Material for this exercise: Begin

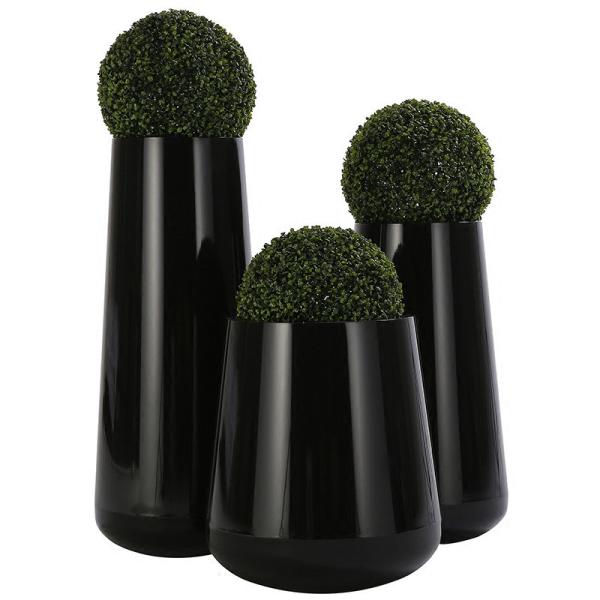 Buy cheap Round Oem 3pcs Large Stainless Steel Planters Shopping Mall Decorate from wholesalers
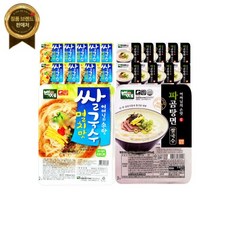 백제 쌀국수 멸치맛10개+파곰탕면10개/즉석쌀국수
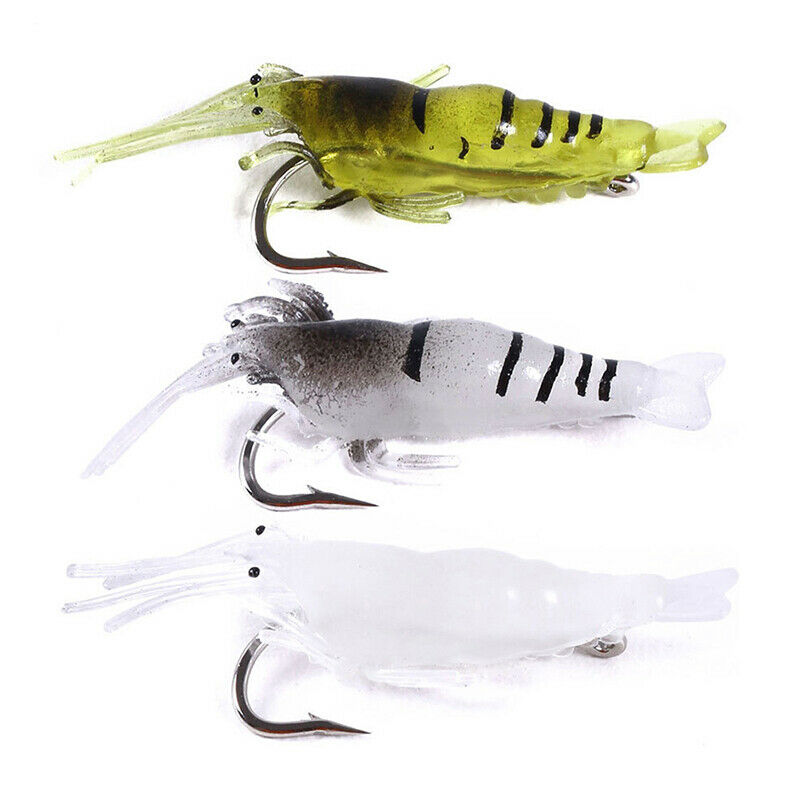 5pcs/lot Shrimp Fishing Lures Artificial Soft Insect Bait Silicone Bai|JCAUJ Kt
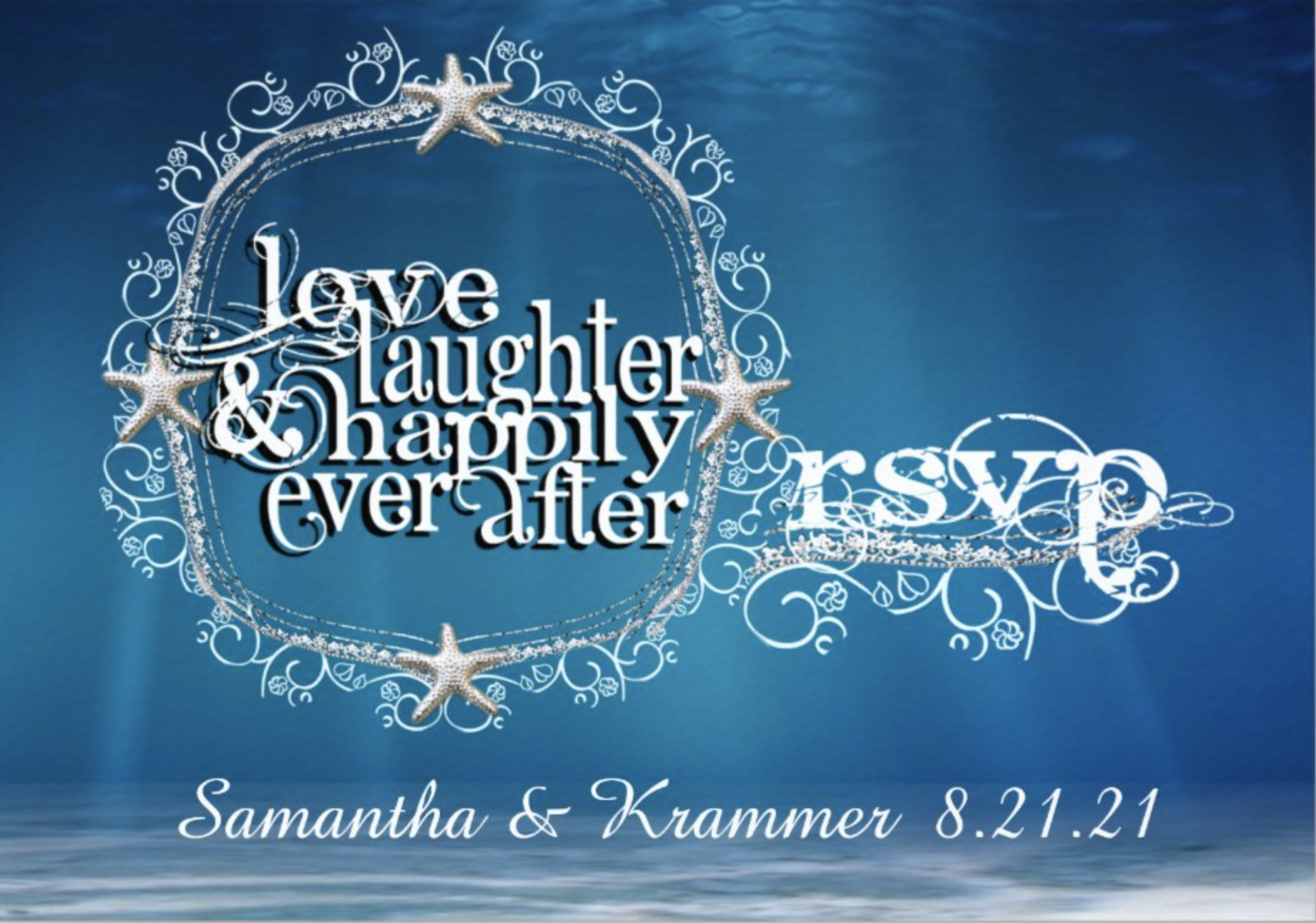 Under the Sea Wedding Response Cards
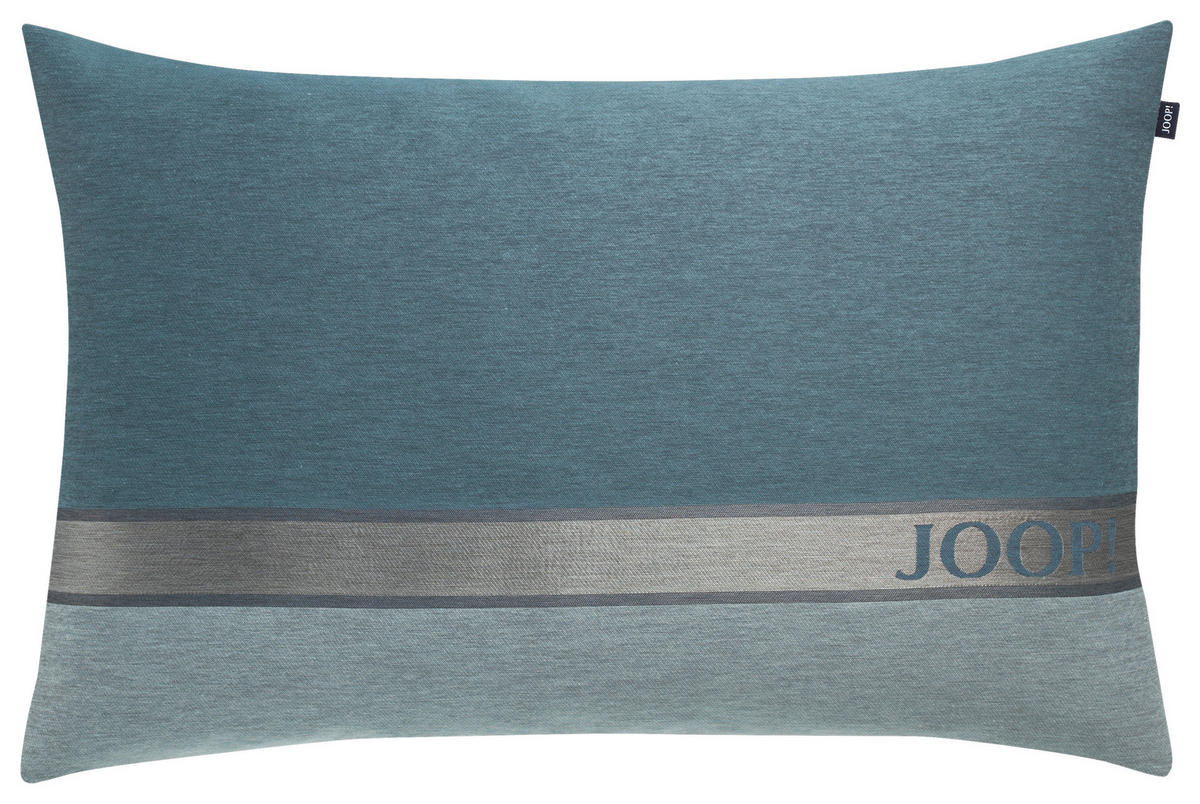 PREVLEKA BLAZINE  CLASH  40/60 cm       srebrne barve, barve petroleja, metino zelena  - srebrne barve/barve petroleja, Basics, tekstil (40/60cm) - Joop!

Material for this exercise: End

* **Your goal**: Output the data exactly as it is, with the pictures dropped.

* **Problem solution**:
 Buy cheap Round Oem 3pcs Large Stainless Steel Planters Shopping Mall Decorate from wholesalers
 백제 쌀국수 멸치맛10개+파곰탕면10개/즉석쌀국수
 5pcs/lot Shrimp Fishing Lures Artificial Soft Insect Bait Silicone Bai|JCAUJ Kt
 Under the Sea Wedding Response Cards
 PREVLEKA BLAZINE  CLASH  40/60 cm       srebrne barve, barve petroleja, metino zelena  - srebrne barve/barve petroleja, Basics, tekstil (40/60cm) - Joop!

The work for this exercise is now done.